The Dark Web, born from a United States government program had positive intent from the onset.  It created a cyberspace where people in disaffected regions could anonymously visit and share ideas freely.  North Koreans and Iranians use this to congregate and postulate new ways to live.  They could then visit this space in the ether and share ideas freely without the fear that they would be persecuted for espousing ideas incongruous with their government point of view.

How to get there:

The following is not advised, but is here as an awareness of how people access the Dark Web.

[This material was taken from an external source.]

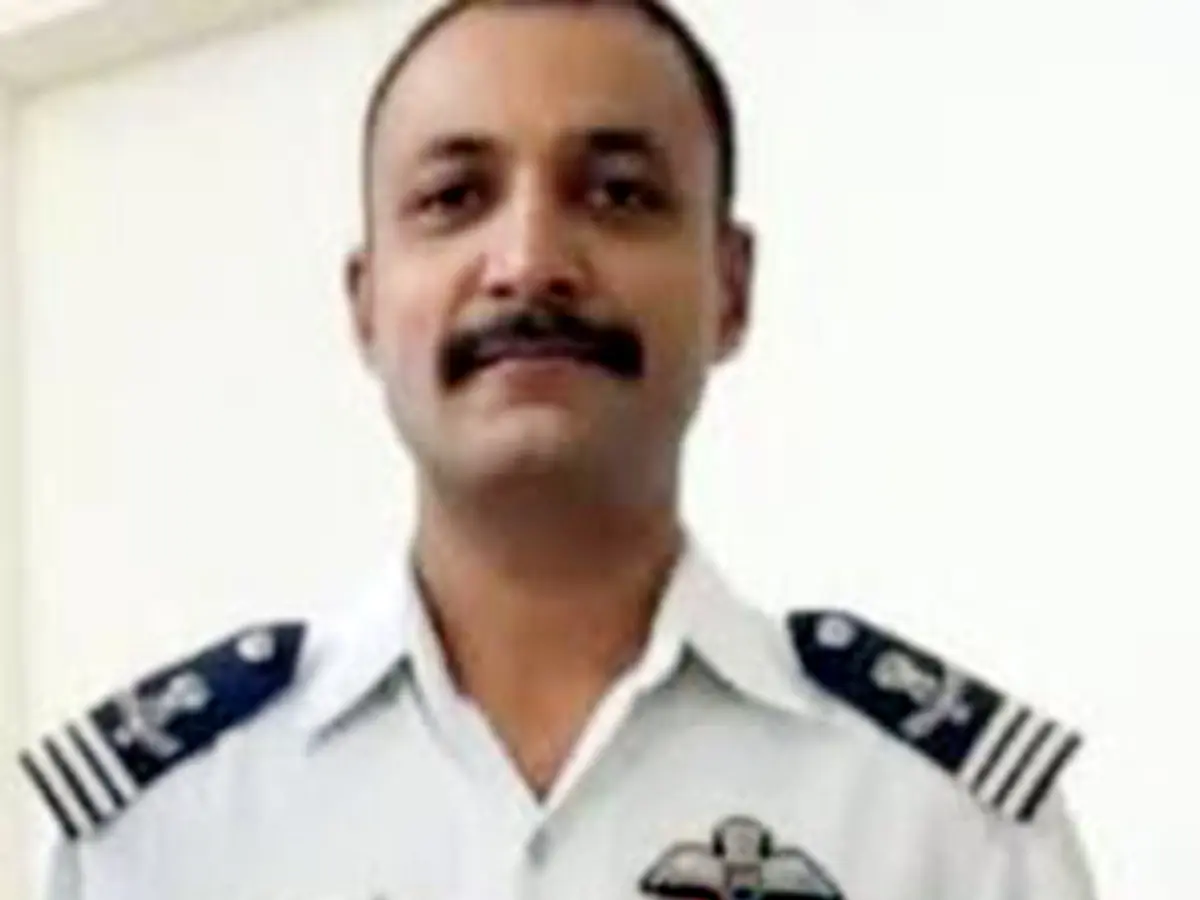 Tejas pilot killed in Dubai air show crash identified as Wing Commander Namansh Syal Tejas pilot killed in Dubai air show crash identified as Wing Commander Namansh Syal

Mozilla Firefox has a plugin (Tor Project), a simple free application run by a nonprofit organization which turns your normal browser into a Tor Onion enabled browser.  What that means is that the plugin creates a tunneled Internet to a minimum of 100 other locations around the world.  You are essentially establishing a proxy connection to other computers who are running the same Tor software.  This establishes a very strong sense of anonymity and security that no one knows who you are or where you live (IP address).   If I live in Washington, DC after running the plugin I may show up as living in Prague, but first being routed through 99 other cities.

darkweb

Once the application is launched you would need to find an index page, like the Hidden Wiki, which gives users a general launching off point for perusing the Dark Web websites.  It is not a pure search and find environment like Google, though some sites are indexed.  Sites are not set up with URL structure like we have on the Open Web, http://www.thomsonreuters.com.  In fact they appear to be hashed with letters and numbers in a random pattern.  They also end in an .onion compared to the normal .com that we tend to see.  So an example address might be: ijfije856ya5lo.onion.

Once there:

Unfortunately, once a user passes into this realm, there is a minefield awaiting.  The Wiki page starts with the benign and dives headlong into the frightening and disturbing.  You can buy $10,000 of fake US dollars for the equivalent of $5,000 in Bitcoin, the currency of choice.  The cryptocurrency Bitcoin is also generally considered anonymous.   Other possibilities include, hiring a hacker, buying prescription drugs, and buying illegal drugs, and acquiring arms or if you so desired, get involved in unregulated medical trials.  On the darker side, you can even hire a hit man.

Law Firm Perspective on Dark Web:

The key important piece to this post is that law firms are now being brought into the dark side.  Criminals are stealing IP information, M&A information and dropping off onto the Dark Web.  Other groups are grabbing proprietary information or sensitive client information from law firm networks and saving it onto the Dark Net to either expose the firm, or to hold at ransom.  Hackers for hire have been used to target corporations and law firms.

One of the subjects that was asked of the panel, how should firms handle the Dark Web?   In my time consulting around this subject, I was curious about the response.  The group was split.  Some thought that companies should not use their own networks to access the environment, others stated that in a controlled access situation, they could monitor what is going on the Dark Web to protect their brand.  In fact, it was stated that nearly two million people a day visit, but most are monitoring what is happening.  Law firms and corporations should be looking for client names, login and passwords, email address of their respective company.

With the increase in cyber-attacks, all entities have to be aware of how the hackers operate.  Understanding the Dark Web in the context of this is part of the due diligence for any corporation or law firm today.  Fortunately a new wave of companies are surfacing which can monitor the Dark Net on behalf of your organization.